Tech & internet

Google a laissé fuiter les données confidentielles liées à plus de 280.000 noms de domaine

Repéré par Grégor Brandy, mis à jour le 13.03.2015 à 15 h 36

Repéré sur Ars Technica, PC World

Les noms, adresses, emails et numéros de téléphone utilisés pour enregistrer des milliers de sites web de façon privée ont été mis en ligne publiquement, par erreur, au cours des ces derniers mois. Comme l'explique Ars Technica, dans un article repéré par Reader:

«Google a divulgué la totalité des données cachées whois attachées à plus de 282.000 noms de domaine enregistrés via son service Google Apps for Work.»

Talos Group / Cisco

Ce sont quatre ingénieurs de Talos, l'unité de renseignement de sécurité de Cisco, qui ont découvert ce problème:

«A la mi-2013, un problème s'est produit et a commencé à rendre publiques des informations cachées pour les propriétaires de noms de domaine qui avaient choisi d'utiliser la protection de la vie privée de WHOIS. Ces domaines semblent tous avoir été enregistrés via Google App, en utilisant eNom comme registraire de nom de domaine (registrar en anglais). Au moment de la publication de ce blog, 282.867 noms de domaines, soit plus ou moins 94% semblent avoir été affectés. (Google annonce que les nouveaux noms de domaine qui n'ont pas eu à se renouveler ne sont pas affectés et de nombreuses entreprises choisissent de ne pas cacher de telles informations.)»

Talos Group / Cisco

 

L'un d'entre eux, Craig Williams, explique avoir contacté Google, qui a restauré les paramètres de confidentialité en l'espace de six jours. PC World raconte ainsi que Google a attribué le problème à un défaut dans le logiciel, mais que personne n'avait pour l'instant pu être joint pour donner plus d'informations. 

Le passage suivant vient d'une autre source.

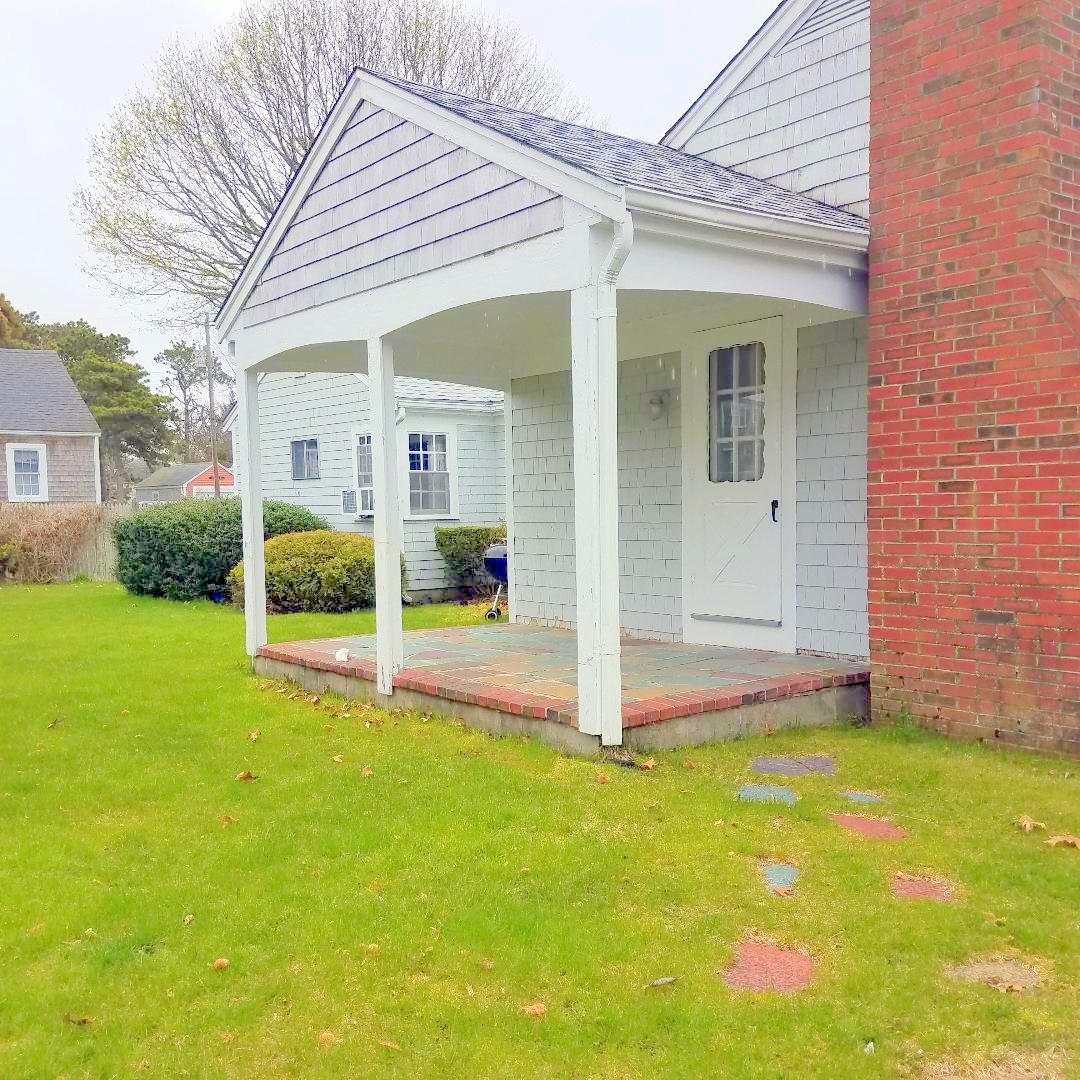 15 Osborne Road Harwich, MA 02671 - Photo 3 of 32 a view of a house with backyard and porch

Ars Technica rappelle cependant que «l'on sait que les données whois sont rarement fiables, comme on peut le voir avec tous ces faux noms, fausses adresses et autres données présentes dans les whois publics». 

«Cependant, il est raisonnable de penser que certaines personnes aient pu être plus ouvertes, alors qu'ils utilisaient un service de Google qui devait supposément protéger la vie privée et qui déclarait cacher de telles données. Et même dans certains cas où ces informations ont été falsifiées, elles peuvent toujours donner des indices importants sur l'identité des personnes. Souvent, quand ces datas ne sont pas pseudo-aléatoires, elles suivent un modèle bien précis qui peut mener au créateur d'un groupe particulier ou à d'autres informations.»

Pour PC World, «les dégâts risquent de durer un moment, même si les protections pour cacher ces données sont désormais à nouveau en place». C'est ce que détaille Ars Technica dans sa conclusion:

«Il n'est pas particulièrement simple pour ceux qui ne savent pas comment faire d'accéder aux données liées aux 282.000 noms de domaine, et ce encore plus après que deux semaines ont passé et que les données sont à nouveau cachées. Les registraires rendent cela difficile à télécharger, mais comme les chercheurs de Cisco l'expliquent, les données falsifiées font maintenant partie des fichiers de l'Internet et ils ne seront pas compliqués à trouver si des personnes déterminées le veulent. Ce ne serait pas une surprises si certaines de ces informations désormais cachées commençaient à se revendre sur le marché noir sous peu.»